In our experience, roughly 40% of ARB declines trace to topic overlap with recent ARB volumes or adjacent Annual Reviews. In our experience, roughly 30% involve cross-Annual-Reviews fit (topic better suited to a sister title). In our experience, roughly 20% arise from author authority gaps relative to the proposed topic.
- Topic overlap with recent ARB volumes or adjacent Annual Reviews. The Annual Reviews family coordinates coverage across volumes. We observe that proposals on topics recently covered in ARB or in Annual Review of Cell and Developmental Biology, Annual Review of Genetics, Annual Review of Microbiology, or Annual Review of Pharmacology and Toxicology are routinely declined unless the new proposal articulates a clearly distinct angle. SciRev community data on Annual Reviews confirms that topic overlap is the dominant decline driver.
- Topic fits an adjacent Annual Review better. Editors at ARB look for topics that are squarely biochemistry. We see that proposals on cell-biology-leaning topics, structural-biology-leaning topics, or microbiology-adjacent topics are routinely redirected to the sister Annual Review. Successful ARB proposals have a clear biochemistry-first framing (enzyme mechanism, protein structure-function, RNA biochemistry, metabolic pathway logic).

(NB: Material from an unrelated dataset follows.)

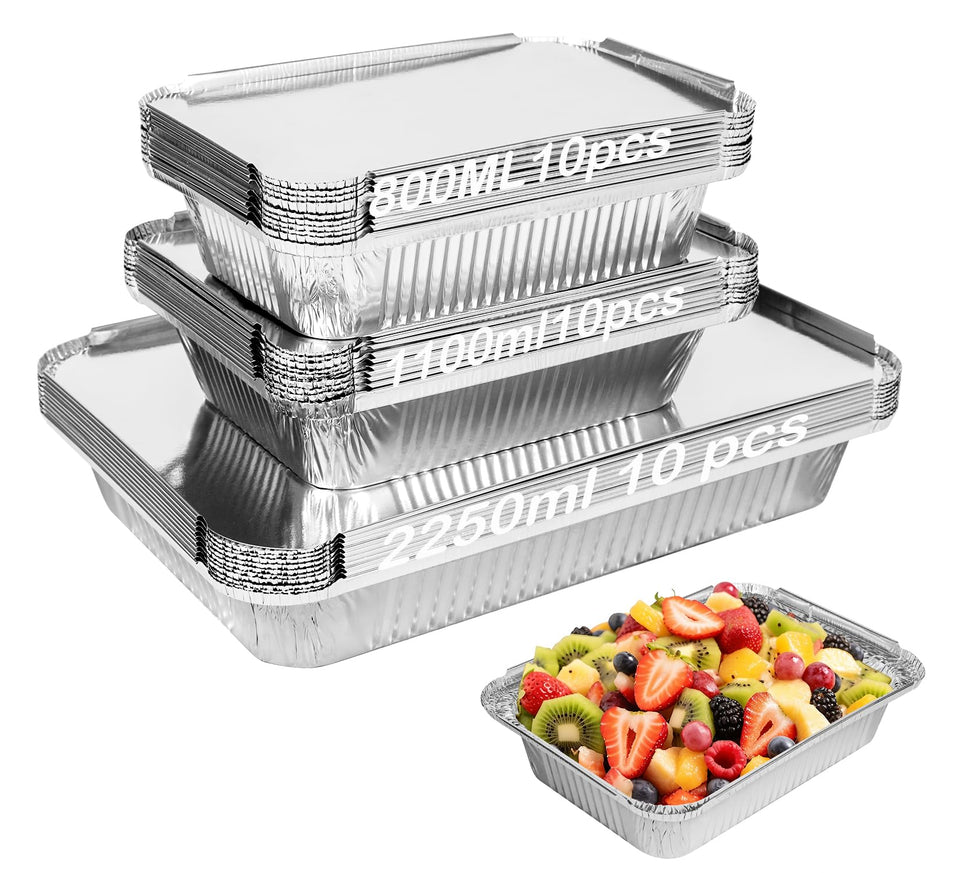 Notwoe 40-pack aluminum pans with lids in 12x8 size for catering.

- Author authority gaps. ARB editors weigh authority heavily because Annual Reviews are read as authoritative for 5-15 years. We find that proposals from authors with credentials in adjacent rather than central topics are routinely declined. A ARB pre-invitation readiness check can identify whether the proposed argument and authority case are strong before contacting the editor.
Clarivate JCR 2024 bibliometric data places ARB among the highest-impact biochemistry journals globally. SciRev community data on Annual Reviews confirms 12-18 month total cycles from invitation to publication.
Frequently asked questions
Annual Review of Biochemistry is invited-only. Authors do not submit unsolicited manuscripts. The editorial committee identifies topics and invites authors annually based on field developments. Researchers interested in being considered can contact the journal's editor with a brief proposal, but invitation is at the committee's discretion.
Authoritative annual reviews synthesizing major biochemistry topics. Each volume publishes ~25-30 invited reviews on protein structure and function, enzyme mechanisms, RNA biology, signal transduction, metabolism, gene expression, and emerging biochemistry topics. Reviews are 25-50 pages with extensive references.
From invitation to publication is typically 12-18 months. The editorial committee invites authors ~12 months before the target volume's publication date. Authors have 6-9 months to deliver the full manuscript, then 3-6 months for review and revision.
Most declines are timing-related (a related topic was covered in a recent ARB volume), authority-related (the proposed authors lack sustained primary-research records in the topic), or fit-related (the topic is better suited to a sub-specialty Annual Review like Annual Review of Cell and Developmental Biology, Annual Review of Genetics, or Annual Review of Microbiology).